The central issue is a provision that says no federal funds can be used for research that causes the destruction of an embryo.

Lamberth found that language clear. He said the plaintiffs stand a good chance of prevailing on the merits, so he granted the temporary injunction.

He didn’t buy the argument that the embryos, which come from fertility clinics, were no longer wanted by donors, and so were already going to be destroyed, so the research wasn’t responsible for that.

While the congressional ban forbids using government money to destroy the embryos, Obama’s regulations permit scientists to use the cells resulting from privately funded destruction.

Congress has twice passed bills that would have allowed for embryonic stem cell research under certain conditions, and twice Bush vetoed them. It just might be put to a vote again.
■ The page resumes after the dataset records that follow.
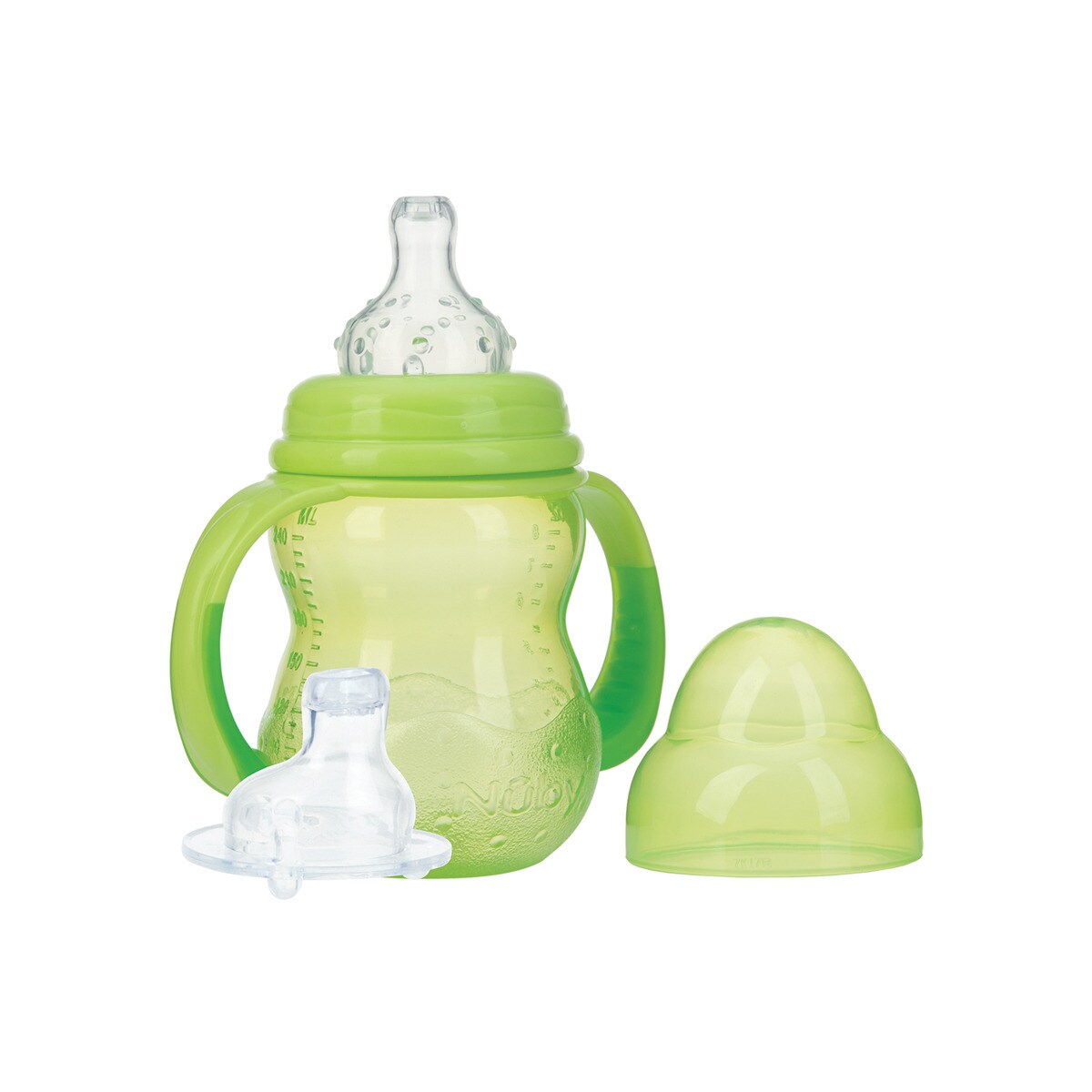 Biberón de entrenamiento con tetina y boquilla Verde-1
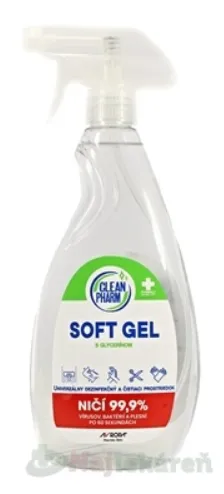 AVROPA CleanPharm SOFT GEL univerzálny dezinfekčný a čistiaci prostriedok 500ml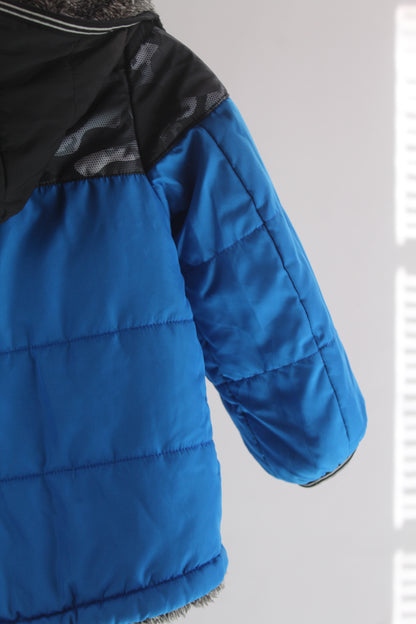 Boys Gerry Double Sided Blue/Grey Zip-Up Jacket Size 5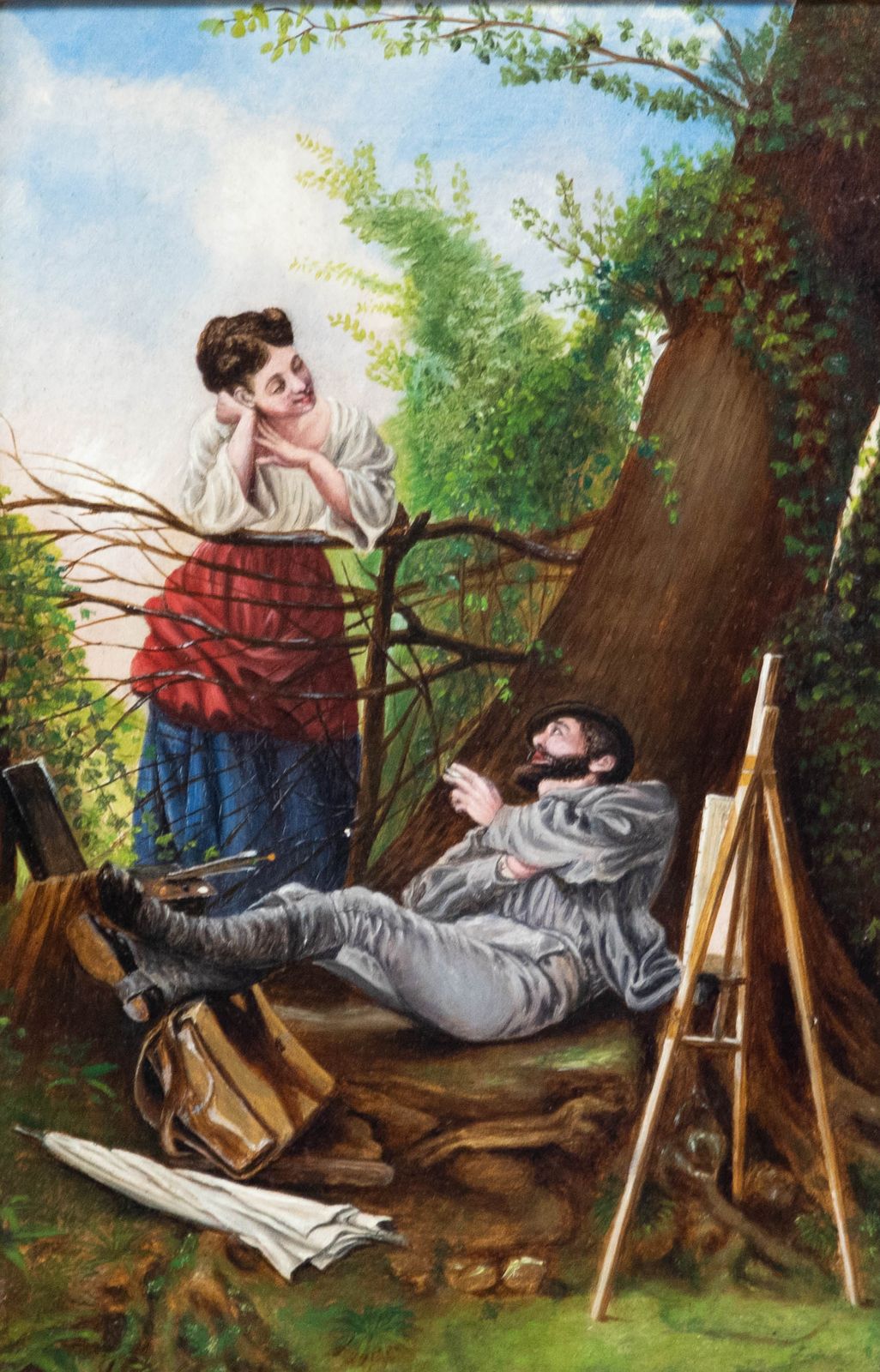 Italian School C.1886 Oil In Love With The Artist photo furniture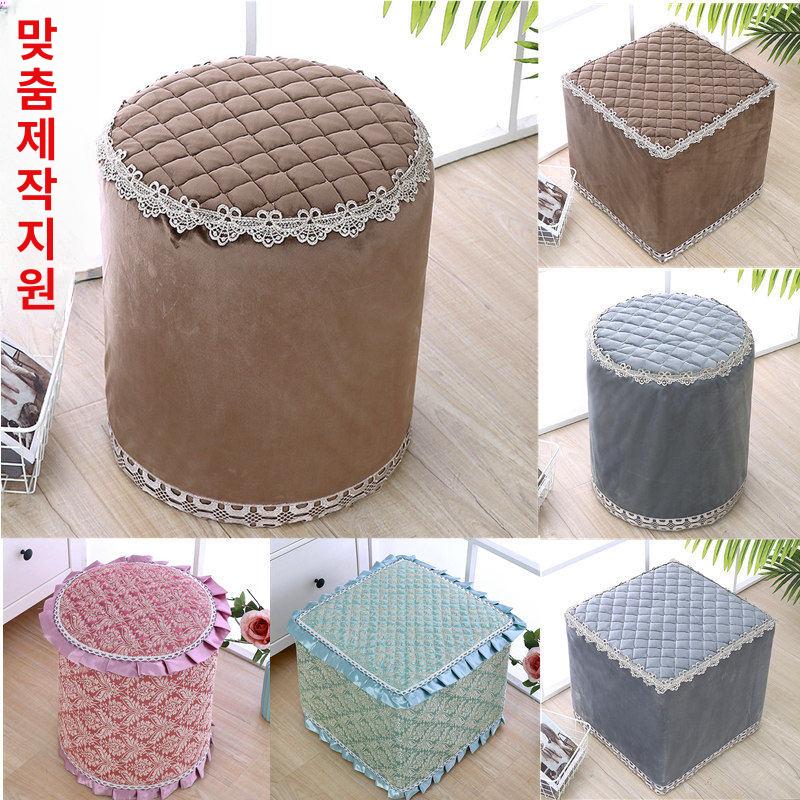 원형 스툴 커버 의자 탄성 다이닝 사무실 식당 체어 커버 - 상세 이미지 3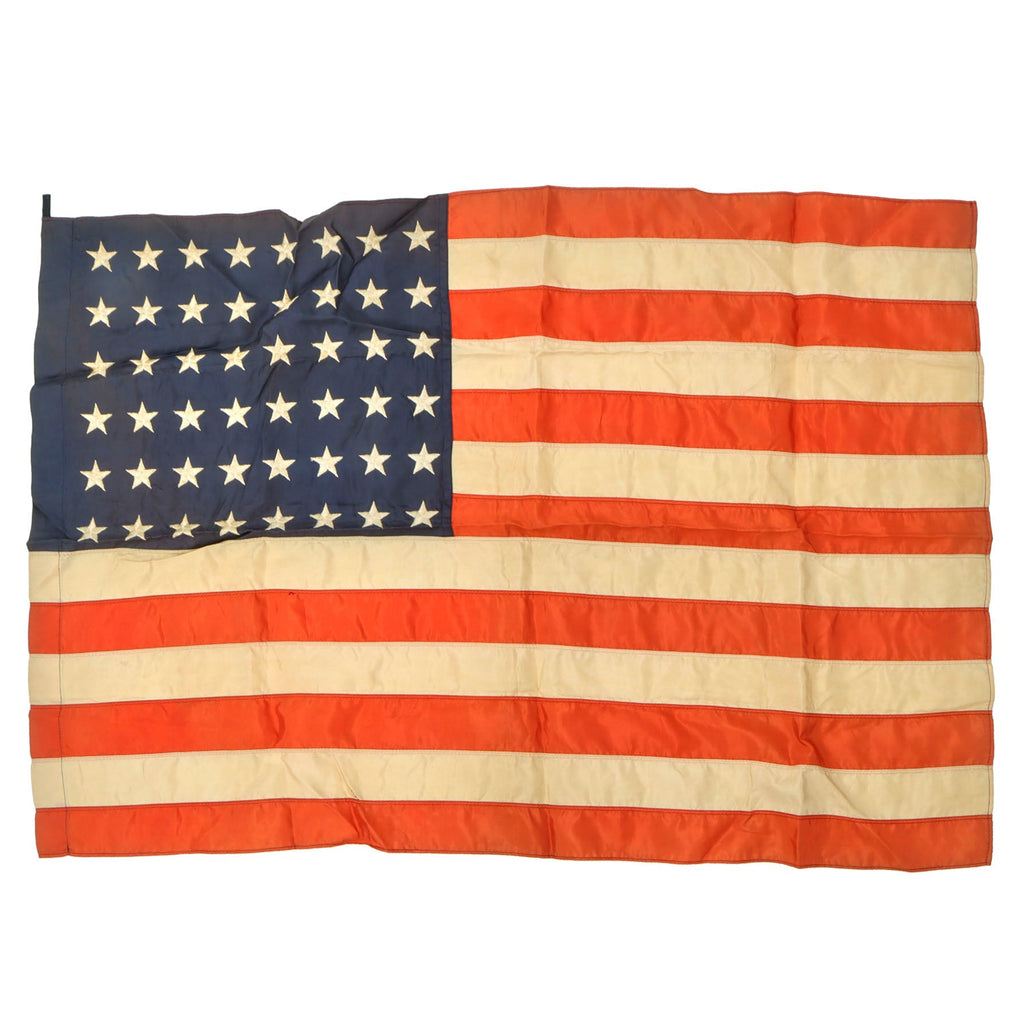 Original U.S. WWI Era 48 Star National Flag - 24 x 34” Original Items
In the meantime, the halt to this vital research offers yet another victory for the conservative legal movement. Reagan and Bush were especially diligent in naming young, ideological conservatives to the bench.

Last week’s ruling also offers proof that a president intent on altering the course of the law, as Bush and Reagan were, can turn courts into transmitters of his ideology and his policies long after his presidency ends.


Ann Woolner is a Bloomberg News columnist.